Several faculty members gasped and shuffled backward. It became eerily quiet and again I wondered if I should say something, explain myself perchance, but then an older math teacher entered the circle and faced Radner. The math teacher, Mrs. Northampton, had cake of her own and slammed it into Radner’s face, screeching that Mr. Smith deserved more respect as a supervisor and besides, Smith was in love with her, and would be leaving his wife. Radner’s best friend, Ms. Schue, dumped the bowl of pretzels over Northampton’s head and told her she was crazy. Soon, all sorts of female faculty members were throwing condiments, entrees, appetizers and desserts at one another, while the male members stood back to watch with goofy, juvenile smiles.

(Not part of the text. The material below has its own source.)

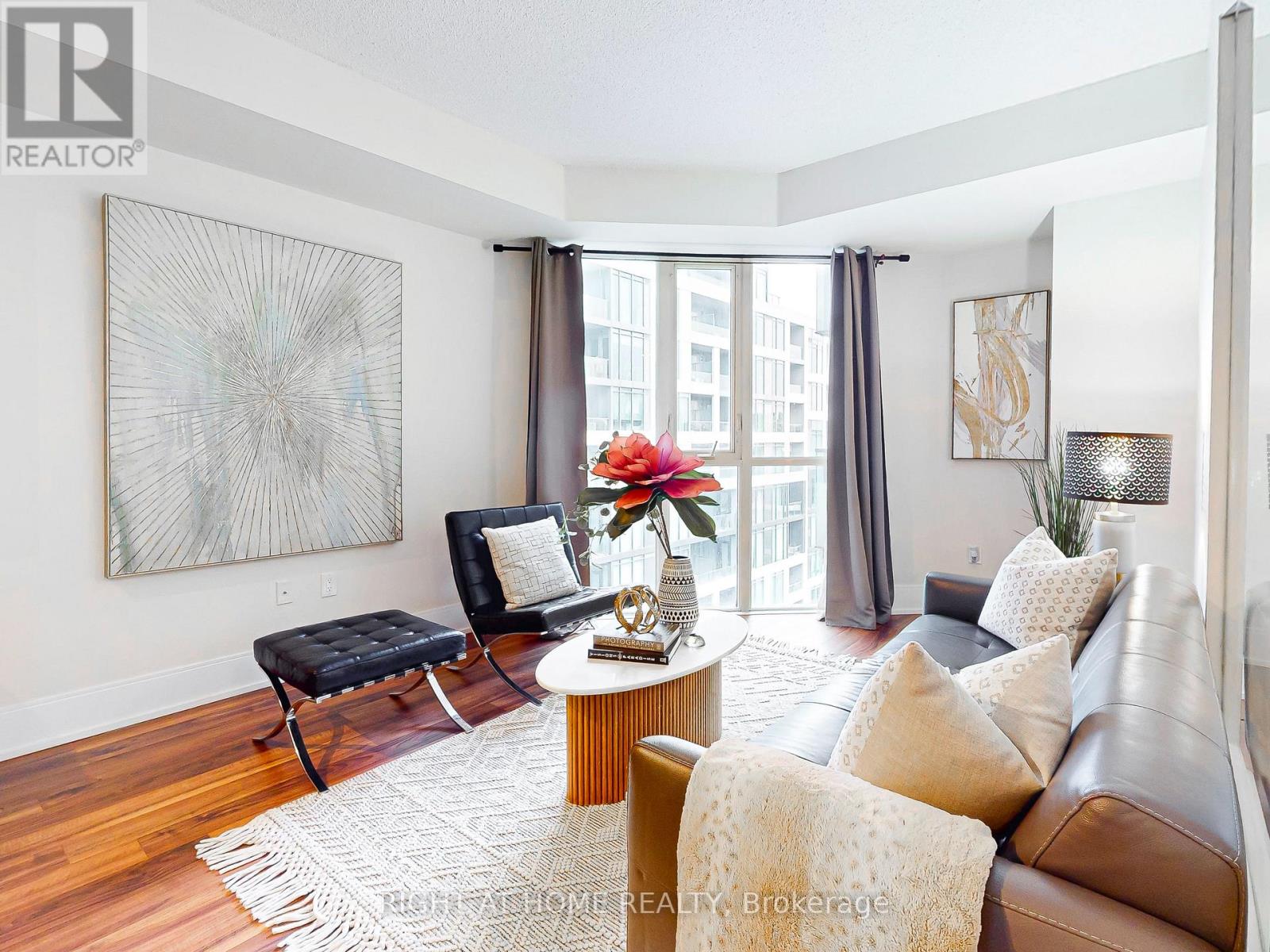 #1232 560 FRONT STREET W - 9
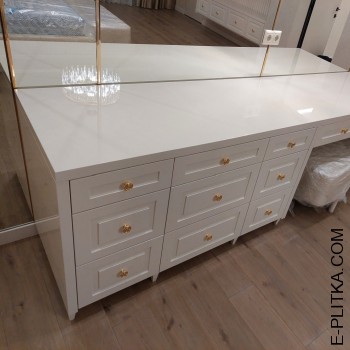 Меблі в спальню в італійському стилі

I felt responsible, but enjoyed my removed position, and so I very discreetly stepped off the podium and headed to the double doors to the right, which was far from the fray. I had my purse, coat and car keys, so I was good to go. It wasn’t exactly the note I had wanted to end on, but I felt satisfied that no one would ever forget the day I left those hallowed halls of education. I was smiling in spite of myself, but stopped when I saw the ever-popular Mr. Smith, sitting just inside the exit doors, wiping cake from his face. He looked to me, and he looked ridiculous – covered in cake and deflated; somehow smaller than he had been just moments ago. “Happy trails, Linda.”
“Good luck, Frank,” I said. Then I left the building.